Samsung Boosts Dividends As Ruling Family Faces Giant Tax Bill
Samsung Electronics on Thursday announced plans for a huge one-off dividend payment for shareholders with its controlling family facing a multi-billion-dollar inheritance tax bill.
Chairman Lee Kun-hee, the richest man in South Korea, left his children a monumental fortune when he died in October, along with a tax tab reported to be more than $10 billion.
The group's flagship subsidiary Samsung Electronics said it would give a "one-time special cash dividend" to shareholders on top of their regular payment -- and more than four times higher -- as part of its full-year results.
The special payout was part of a previously-announced plan, but Yonhap news agency reported the amount was "far higher than the market estimate".
The tech giant -- the world's largest maker of smartphones and memory chips -- also announced a new increased three-year shareholder return programme.
Analysts say the payments will help the conglomerate's heirs -- including Samsung Electronics vice-chairman and de facto leader Lee Jae-yong -- meet a gargantuan tax bill.
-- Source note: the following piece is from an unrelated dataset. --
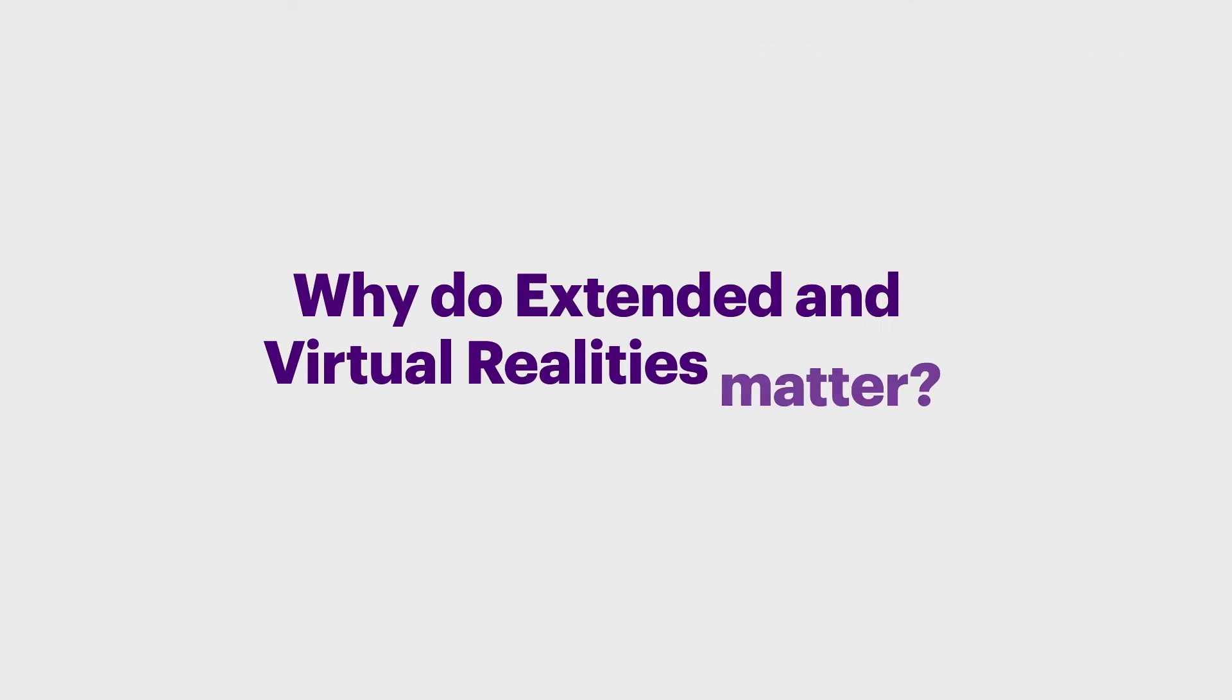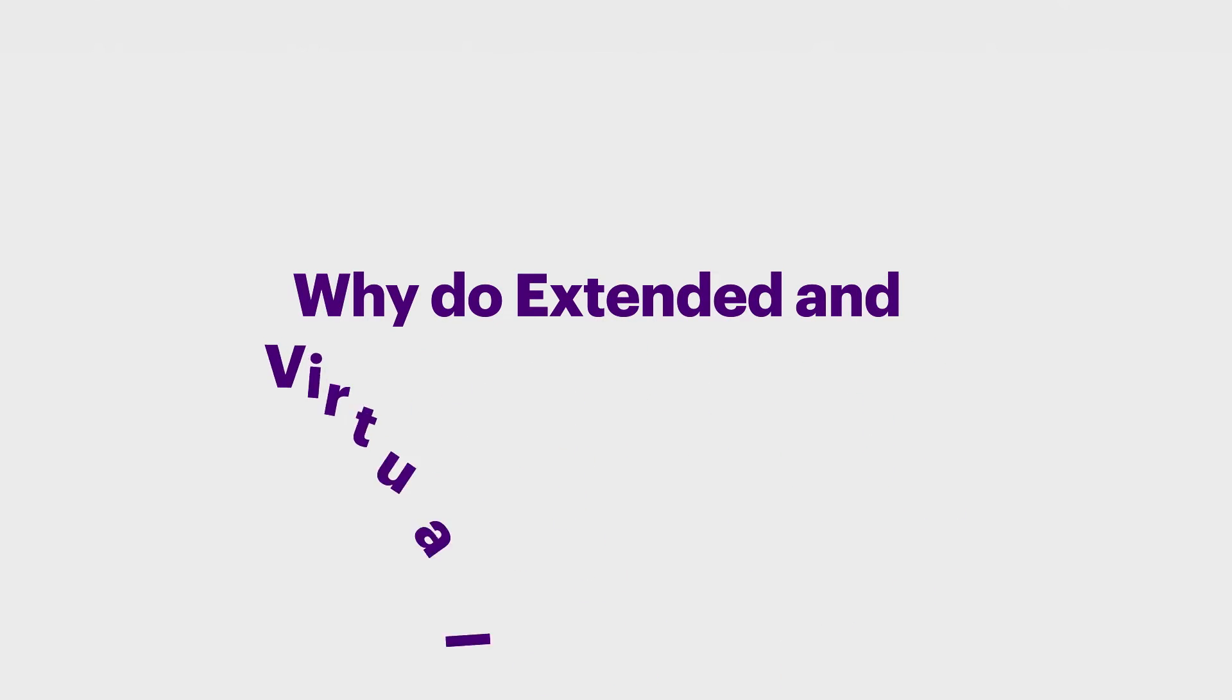Why do extended and virtual realities matter? Quite honestly, they didn't until recently.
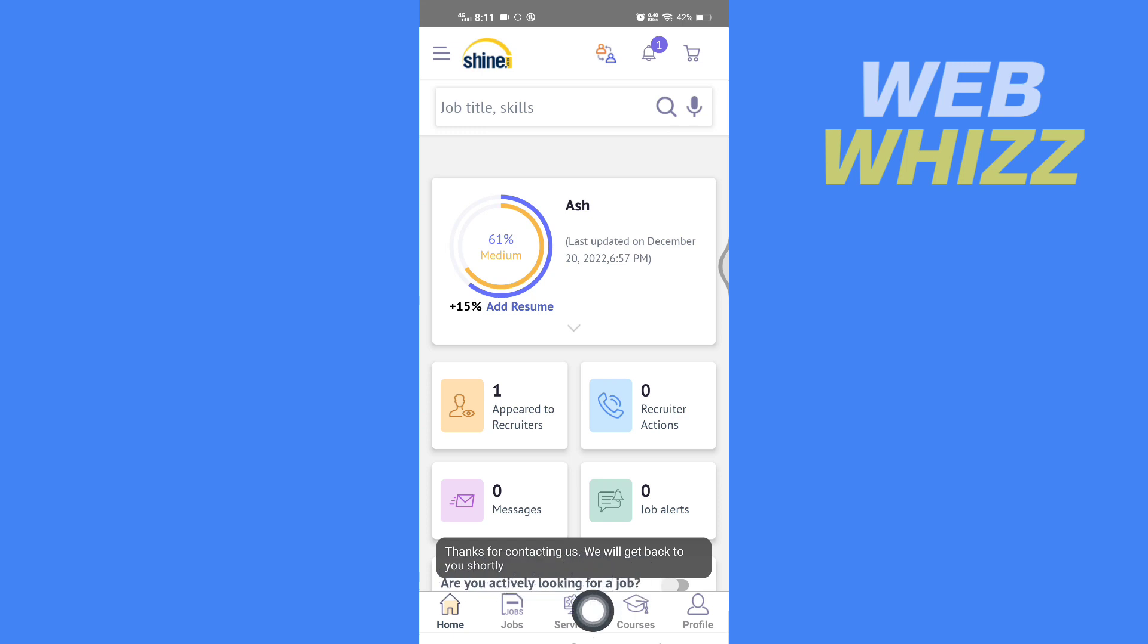You will hear from the shine.com customer care executive and they will help you to delete your account permanently. So this is how you can delete your Shine account. Thanks for watching.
Under South Korean law, Lee Kun-hee's estate is taxed at 50 percent -- in addition to a 20 percent surcharge on stocks he held as the largest shareholder in a firm.
Reports have estimated that around 11.4 trillion won ($10.2 billion) in inheritance taxes will be due on the late patriarch's stock assets alone.
"Samsung C&T is one of the biggest shareholders of Samsung Electronics and Lee Jae-yong is the biggest shareholder of Samsung C&T," said Kim Dae-jong, a business professor at Sejong University.
"Around 2,000 won per share is an astonishing amount and it will greatly ease the burden of inheritance tax," he added.
Samsung this month reported a 26 percent jump in fourth quarter net profit from a year earlier, but warned of ongoing uncertainties over the pandemic and lower earnings in the first quarter of 2021 owing to falling prices.
Lee Jae-yong is currently in prison after being sentenced to two and a half years last week in a retrial over a sprawling corruption scandal, a ruling that analysts say could complicate the decision-making process at the top of the company.